3

pandas.DataFrame.round() gives somewhat unpredictable output on the below data frame. Can anyone please help me understand what is happening here?

df = pd.DataFrame([(61.21, 69.32), (65.1938, .67)], columns=['A', 'B'], dtype='float32')
df.round(2)

The above code outputs:

           A      B
0  61.209999  69.32
1  65.190002   0.67

Why does round(2) not truncate all but first 2 digits after decimal point? When I try the same with dtype='float64' it works and outputs below:

df.astype('float64').round(2) 
       A      B
0  61.21  69.32
1  65.19   0.67

Is there something about the values in the data frame?

I don't want to format the output as string (round(2).applymap('{:.2f}'.format)) to get the desired number of decimals. I want to know why the columns are giving different number of digits after the decimal point.

I am using pandas version '0.24.1'.

rahul891
  • 79
  • 2
  • 6
  • 1
    The `float64` values also differ from the decimal results you see and are expecting (but should not). Instead of 65.19, the actual value is 65.18999999999999772626324556767940521240234375, but the software is not showing you enough digits to see that. It is **impossible** to round binary floating-point numbers to two decimal places (except for .00, .25, .50, and .75) because **binary** floating-point numbers do not have **decimal** places.
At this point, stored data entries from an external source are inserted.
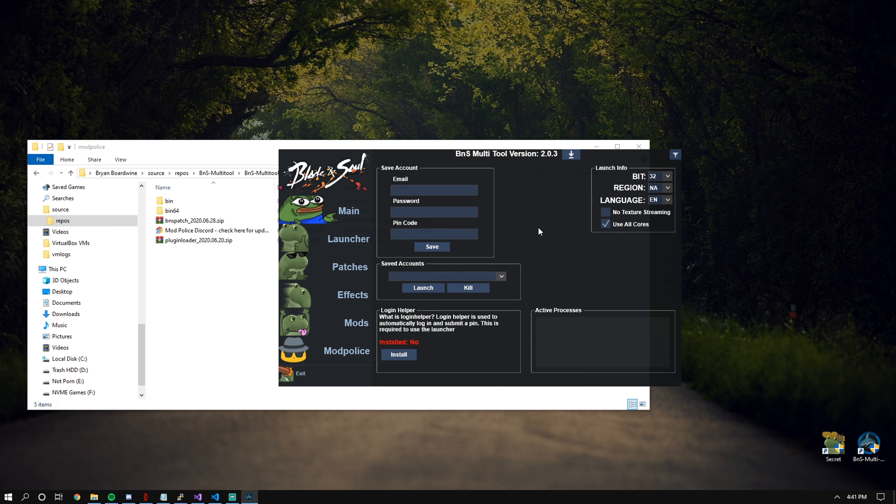Then, last but not least, we have the launcher section. The launcher section requires Login Helper to be installed. If Login Helper is not installed, this whole part will not work of the tool whatsoever.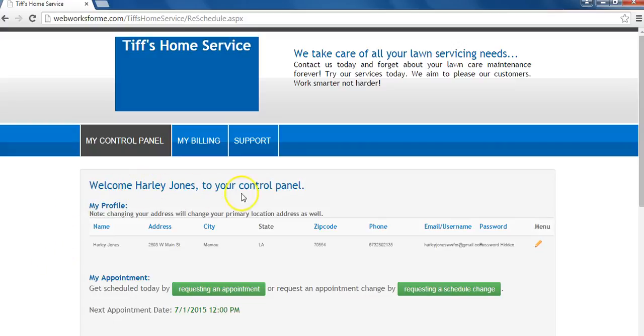Welcome to your customer control panel. Today we're going to view a help video on how to contact us for your customer support needs.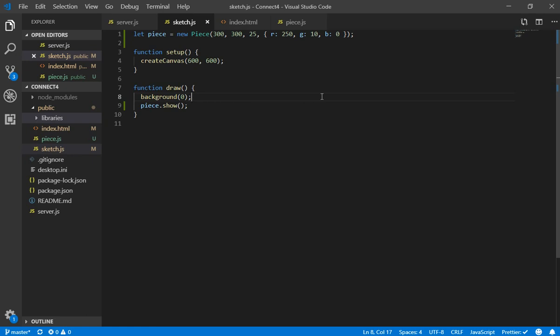Hello everyone and welcome to the second part of the Connect4 game that we are developing. In this video we are going to code the pieces that are in the game, the little circles and the movement of those circles.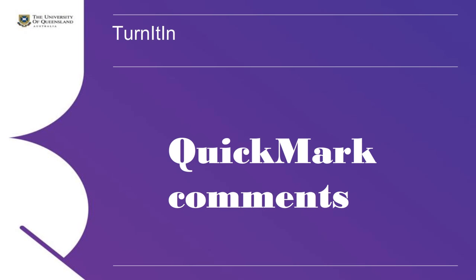Turnitin Quickmark Comments. Turnitin has an inbuilt comment bank that you can use when marking student assignments.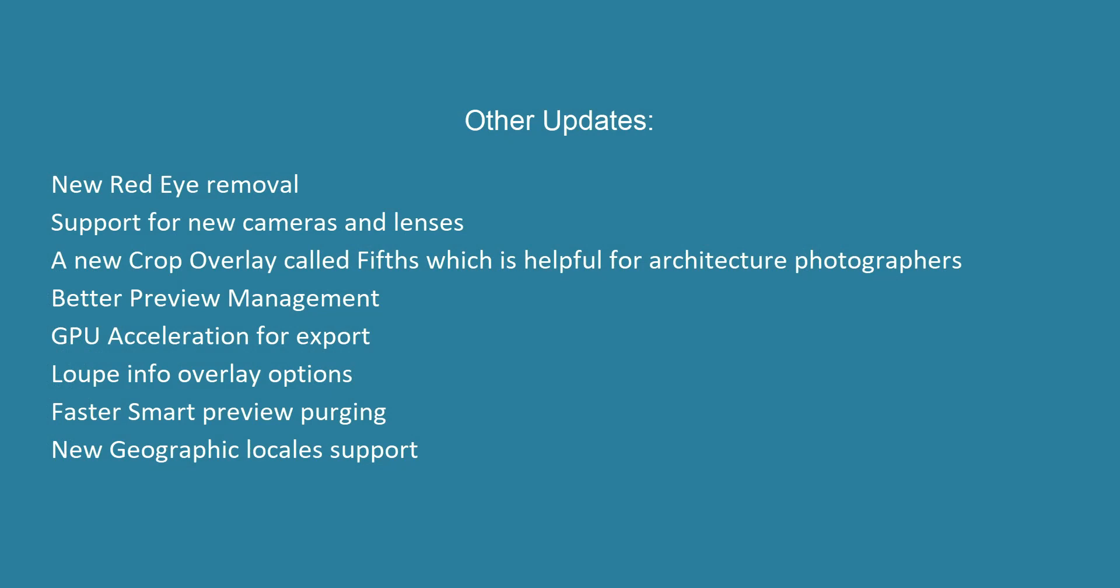In addition to the presets and the mask updates, Adobe has added a number of other new features, including a proper red eye removal tool. You can either manually remove red eye or use Lightroom's AI to automatically detect all the eyes in an image and fix it with just one click. And there are a number of other features including new camera support, a new crop overlay, better preview management, and other features that I'll list all in the description.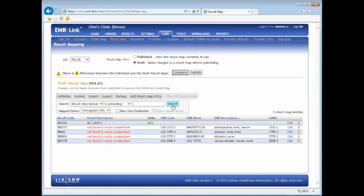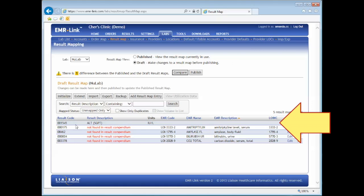Also, when a result lands in EMR Link from the lab with a result code that has not been previously mapped, you'll see these entries to be mapped to your chosen EMR code.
The values 65.19 and 61.21 are simply not representable in binary floating-point. – Eric Postpischil Feb 07 '20 at 14:35
  • In the `float64` format, the differences are small enough that you cannot see them in the digits the software shows you. In the `float32` format, they are (or at least some of them are) large enough that you see them. – Eric Postpischil Feb 07 '20 at 14:37
  • @EricPostpischil so x = 1.5 will store the nearest floating point value to 1.5 but never exactly 1.5 ? In my example above 65.1938 is rounded to 65.190002 in the 32-bit floating point scheme because 65.190002 is the closest 32-bit floating point number to 65.19 ? – rahul891 Feb 07 '20 at 20:39
  • 1
    1.5 is representable in floating-point; it will be stored exactly. The nearest value to 65.19 in IEEE-754 binary32 is 65.19000244140625. Some software displays it as “69.190002”, but it is not 69.190002; it is 65.19000244140625. – Eric Postpischil Feb 07 '20 at 20:46
  • After reading your comments, I just started playing around with floats a little and got some mind-blowing (at least to me) results. 0.2 + 0.4 == 0.6 returned false! I understand this is because of limitations of IEEE-754 binary32 standard. How does one avoid pitfalls such as these? (0.4 + 0.2 == 0.6) Is there a safe way to perform floating point arithmetic and get expected (in the general mathematical sense) results? – rahul891 Feb 07 '20 at 21:08
  • 1
    See [my comment here](https://stackoverflow.com/questions/60083787/multiplication-issue-dividing-and-multiplying-by-the-same-decimal-does-not-retu#comment106285573_60083787). By and large, floating-point arithmetic is designed for approximating continuous functions. `x == y` is not a continuous function; it has a discontinuity at *x* = *y*. Generally, you should not be using floating-point arithmetic in situations where you need to test numbers for equality (and you should not attempt workarounds to make it work in such situations). – Eric Postpischil Feb 07 '20 at 21:31
  • If you want to do physics simulations with floating-point numbers, go ahead. If you want to do exact mathematics with real-number arithmetic, do not use floating-point. – Eric Postpischil Feb 07 '20 at 21:32

1 Answers1

1

Floating points are not precise, not every number can be represented exactly. The same way 1/3 can't be represented precisely with a finite decimal number, there are many numbers which can't represented exactly in an IEEE floating point format (which might be however representable in a decimal system).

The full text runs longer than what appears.